Hate to say it but the AH was not even close to what ruined D3. People that were going to buy items were going to 3rd party sites and if you didnt you werent going to compete with them, there AH give us equal grounds. How about the abuse of bots, lack of help from blizzard, piss poor itemization, skills, maps. Limitation to follow story crap instead of making a game and just killing monsters. How about the horseshit BNet 2.0. AH did nothing to d3s downfall.


Well, the major part of what killed D3 in my opinion was as you said the poor itemization and character customisation, but I as many believe that the auction house was really responsible for that too.

Blizzard had a very ambitious business plan: make a game about items about which will keep everyone playing, and at the same time, coerce everyone into using an auction house where they will trade the items using real money, and Blizzard will take a cut of that money.

In order to maximise the extent to which the game was really about gear, they removed all other real forms of character customisation from the game.
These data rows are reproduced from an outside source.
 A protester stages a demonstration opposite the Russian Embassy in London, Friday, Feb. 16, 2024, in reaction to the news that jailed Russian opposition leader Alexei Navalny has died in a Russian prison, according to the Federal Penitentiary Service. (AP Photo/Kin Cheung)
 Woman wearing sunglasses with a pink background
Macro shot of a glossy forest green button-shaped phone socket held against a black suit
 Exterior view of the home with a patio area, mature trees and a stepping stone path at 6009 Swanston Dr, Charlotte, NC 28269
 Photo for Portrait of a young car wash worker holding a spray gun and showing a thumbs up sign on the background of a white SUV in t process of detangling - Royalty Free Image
It's hard to imagine buying skill points in an auction house, after all. Any two characters with the same class and level in D3 are essentially identical if you strip the gear off them, and everyone who plays the game through to the end will hit the level cap pretty quickly.
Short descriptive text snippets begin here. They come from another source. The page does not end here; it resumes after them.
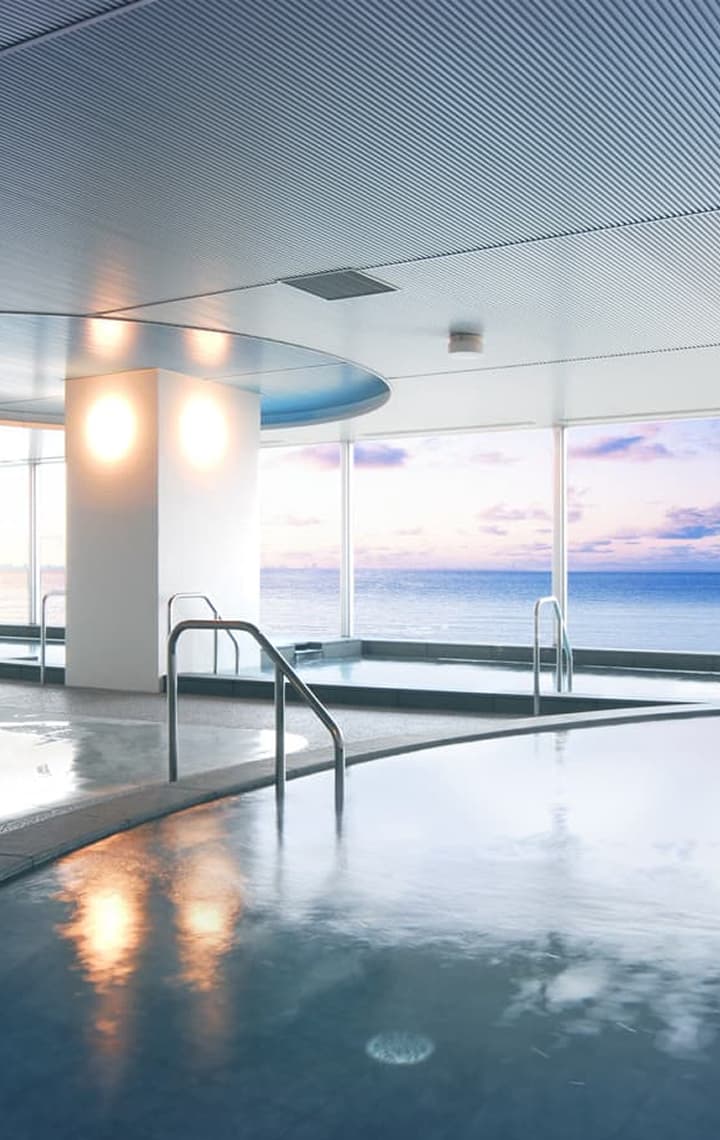 A large indoor public bath with dark stone edges and a panoramic window overlooking the vast, blue ocean and horizon.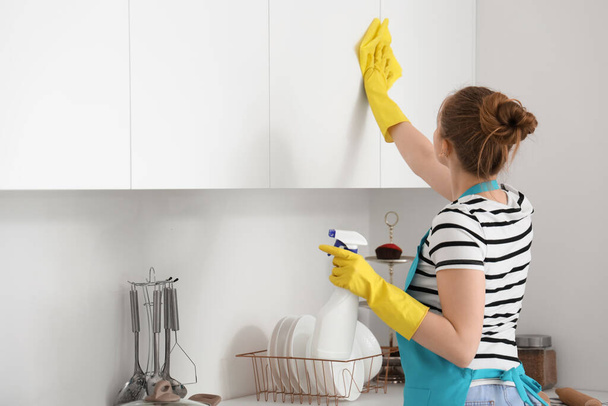 Mujer en guantes de goma amarilla limpiando armarios en cocina moderna - Foto, Imagen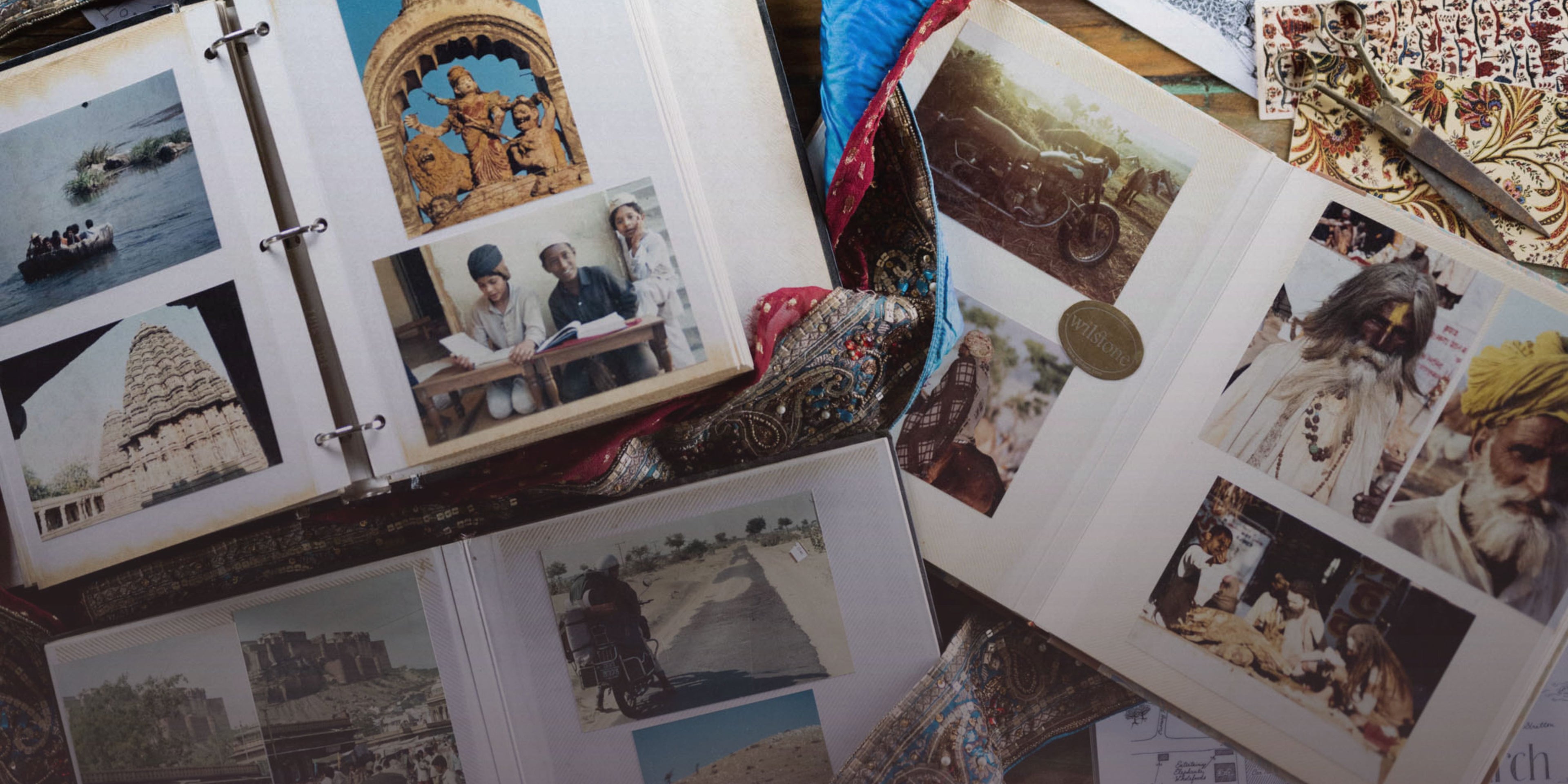 Open photo album with travel photos and postcards on a wooden surface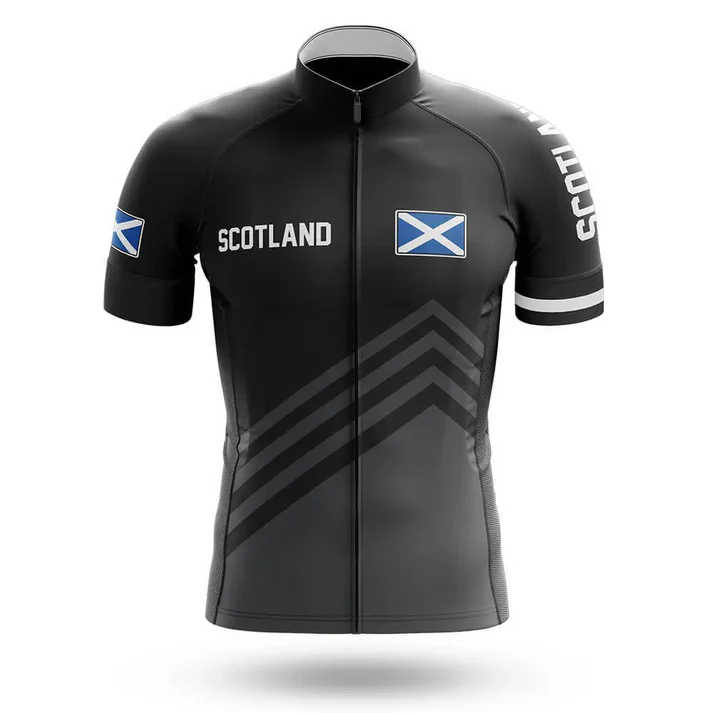 The Drinking Men Short Sleeve Cycling Set includes a black jersey with SCOTLAND and Scottish flags on the chest and sleeves, subtle diagonal stripes, a full zipper, and matching men's bib shorts for a complete cycling look.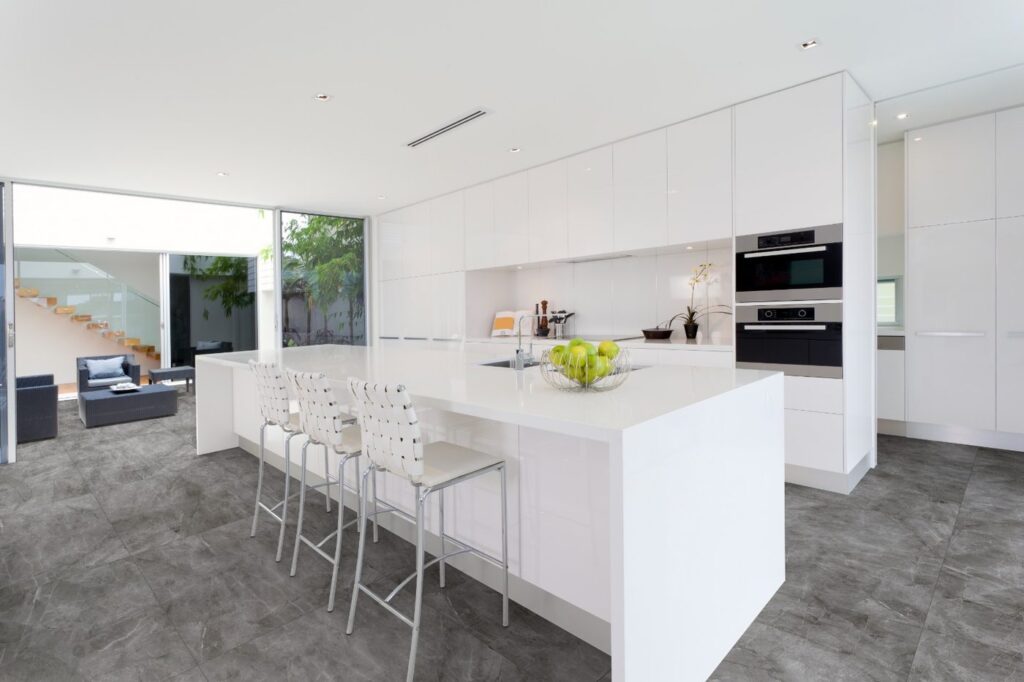 Cozinha branca com porcelanato Pulpis Grafite acetinado 84x84, marmorizado cinza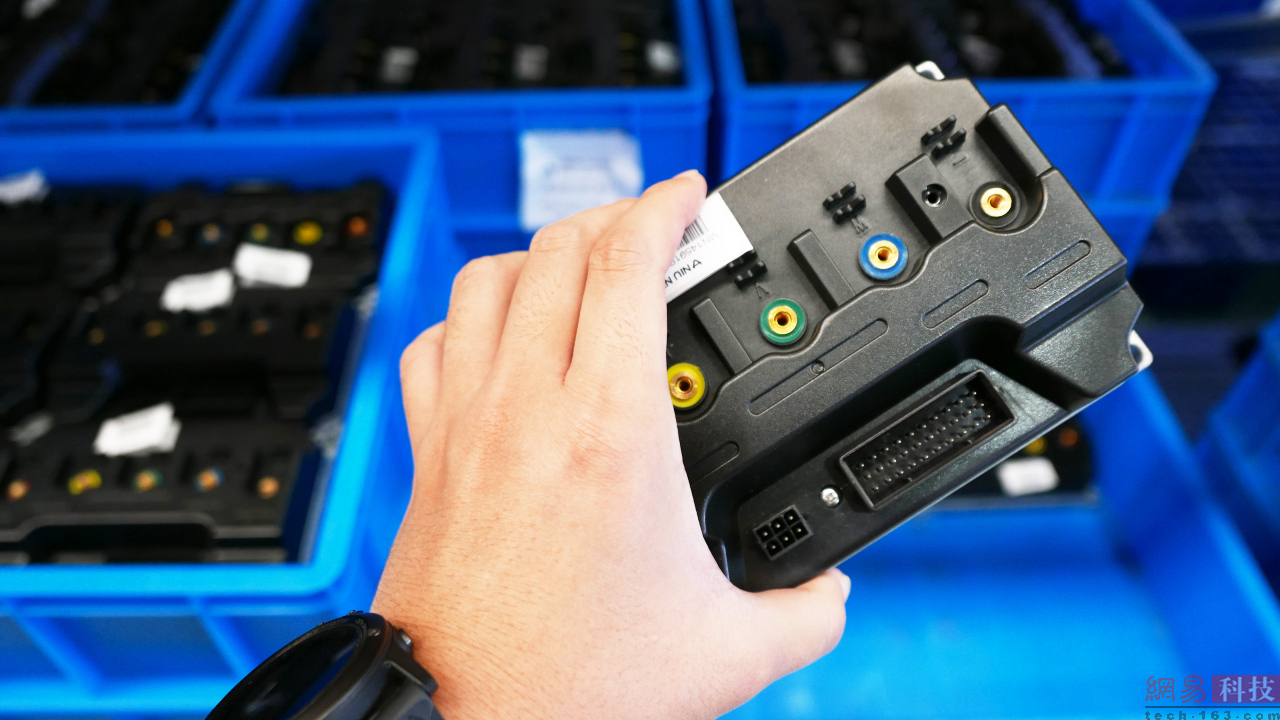 随手拿起小牛电动车待组装的部件。（来源：网易科技）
Now, this perhaps wouldn't have been too terrible if the itemisation was really great, and you could feel like you were making continuous progress and had lots of good options to choose from in the direction and choices for the type of gear you put on your character. But if everyone had a constant feeling that they were making good progress playing the game, what would be the point of using the auction house? Only a few people would find any cause to use it. Especially so for the RMAH where they'd pay real money for gear. Why pay money for gear if you're having lots of fun finding the upgrades yourself?

So they had to really squeeze players hard by making the item lottery a somewhat ridiculous proposition to win. There are a few stats on gear which just have to be there for an item to be usable, and many stats in the pool of things which can show up are comparatively useless. Couple that with the need to actually obtain a decent roll on each of these affixes (rather than just getting some good rolls from a bunch of selections of almost-equally-useful affixes), and you have a recipe for making upgrades hard to find.
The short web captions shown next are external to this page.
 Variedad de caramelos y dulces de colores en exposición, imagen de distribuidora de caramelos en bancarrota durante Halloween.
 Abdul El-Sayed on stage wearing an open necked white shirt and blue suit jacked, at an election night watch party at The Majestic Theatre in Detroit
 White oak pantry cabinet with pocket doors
Things are tuned in D3 so upgrades rapidly become few and far between, and even though some people will find epic items from time to time, the sense of real progress quickly vanishes for almost everyone. Because of this, if you find an upgrade in terms of core stats, you generally put it on because you're not going to find another one soon. The freedom to be picky about everything else and develop any sense of attachment to the uniqueness of your character is greatly reduced.

Moreover, the players who actually buy items in the AH (which does give them a bit of ability to customise things) only make things worse for themselves by making the good feeling of finding an upgrade yet harder to achieve in-game. Even the gold auction house on its own would have had the capacity to spoil the game somewhat from this direction, at least for the players who opted to use it. However, an auction house like that wouldn't have given Blizzard the incentive to ruin the rest of the game like they did.

Without the good feeling of finding upgrades for your character (or at least for an alt), and without the freedom to build really unique characters which actually functioned differently from those of other players, there was really no reason for most people to continue playing the game past a single play-through (or if you're really pushing it, a play-through using each class).

Anyway, that's the lesson that D3 painfully taught the world about incentives in ARPG game design. Hopefully we don't have to see another mistake like that any time soon.